The copy must match the data word for word and contain no pictures.

Supplied material ▸

● ● ●

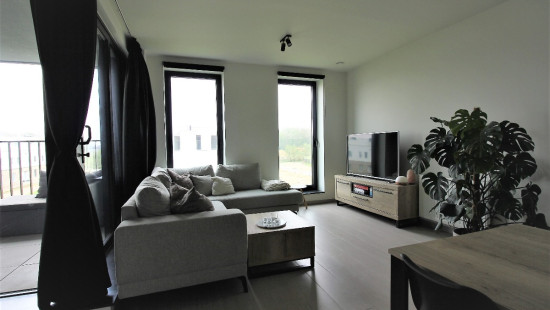 Frans Stormsstraat - 29 - 0201 - 2812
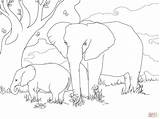 Coloring Pages African Elephants Bush Elephant Drawing sketch template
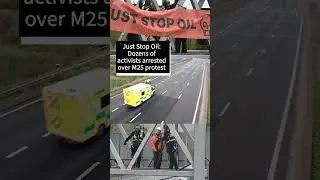 Some of the best headlines today | Always with humor | Gray News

● ● ●

Solved exercise ▸
 Frans Stormsstraat - 29 - 0201 - 2812
 Coloring Pages African Elephants Bush Elephant Drawing sketch template
 Some of the best headlines today | Always with humor | Gray News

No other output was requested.